To me, it isn’t terribly important. We’re covering these earliest symphonies together. It’s not like they would be decades apart, so I’m not terribly susceptible to being caught up in the actual dates of composition. This one was written in 1759 in what is now the Czech Republic. Haydn himself counted it as his first, but pieces like the first two (or only, in the case of the latter) piano concertos of Beethoven and Chopin had their orders switched. I find those more significant because there are only two of them, in Chopin’s case, or five in Beethoven’s. But out of a total of 100+ symphonies, if Haydn saw fit for this to be his first, then it’s good enough for me. One scholar seems to suggest that no. 2 or 4 could have been written a few years before this one. Go back and listen again (especially if you haven’t yet) to no. 37 from yesterday before you start with this one. Some of the contrasts
I made with the somewhat oddball early-but-marked-later no. 37 were in contrast with this no. 1 (that still might not be no. 1). You will see. For one, as stated earlier in the week, this one is in three movements:
Wikipedia mentions two things about this symphony, one I noticed and the other I didn’t. The first is the “Mannheim Crescendo,” which is apparently a thing and opens the piece, and the second is the prominence of the violas. The only winds in this symphony are oboe (flute?), bassoon, and two horns. No trumpet, clarinet, or anything else except for strings and continuo, in contrast with yesterday’s trumpet and timpani. Something you’ll notice listening to this work is that it sounds… basically like a really big string quartet, which I guess is called a string orchestra. They’re still kind of in the chamber phase, at this point, so they’re light and clean.

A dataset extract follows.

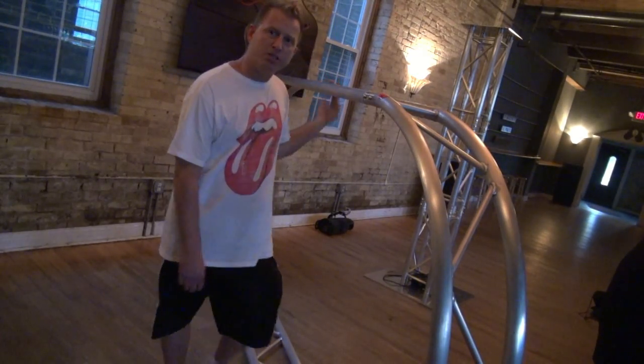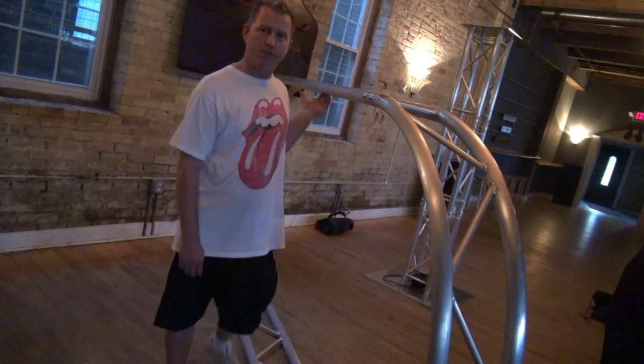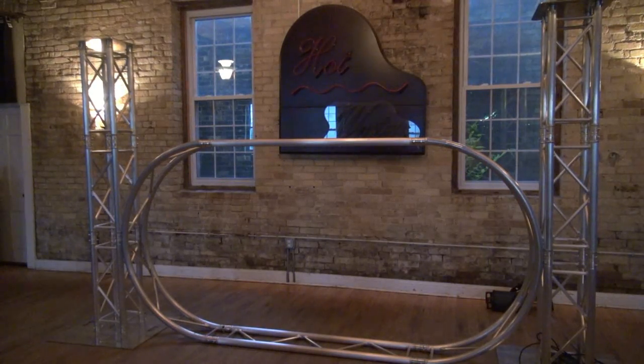So here it is all put together, and just so you know, it's not very heavy at all — I can pick the thing up. Here it is on the ground between two totems, and it just looks cool like that.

The timpani and trumpet in no. 37 makes it feel bigger and less chamber-y, but no. 1 is even more pared-down. The immediate presence of the harpsichord tells the listener that this piece is very early. I didn’t hear it… almost at all in the 37th.
This presto sounds more… fugue-y. In my head, it’s because this piece was written earlier or is more indicative of its era, while the 37th, as I said before, I believe was perhaps altered or ‘modernized’ somewhat…? I don’t know. They do have their similarities.
The ‘Mannheim crescendo’ and harpsichord are quite obvious from the beginning, and the first movement, while focusing around a strong, prominent first theme, does seem to give us some key changes and exciting development of the material. It’s beautiful in its simplicity. It’s also around five minutes in length, and while the main material is presented a number of times, it doesn’t seem boring. The crisp, kind of energetic liveliness that I enjoy in Haydn’s music is very apparent here as well.
The second movement is quite proper, pleasant, and quieter than the the prestos that bookend it. It has moments of pleasant, metered melody, and moments that feel distant and nostalgic and almost bittersweet.
The third movement returns to the general mood of the first presto, but it’s half as long. It’s nice.
What is there to say? Again. These are going to be brief. See you tomorrow for number two.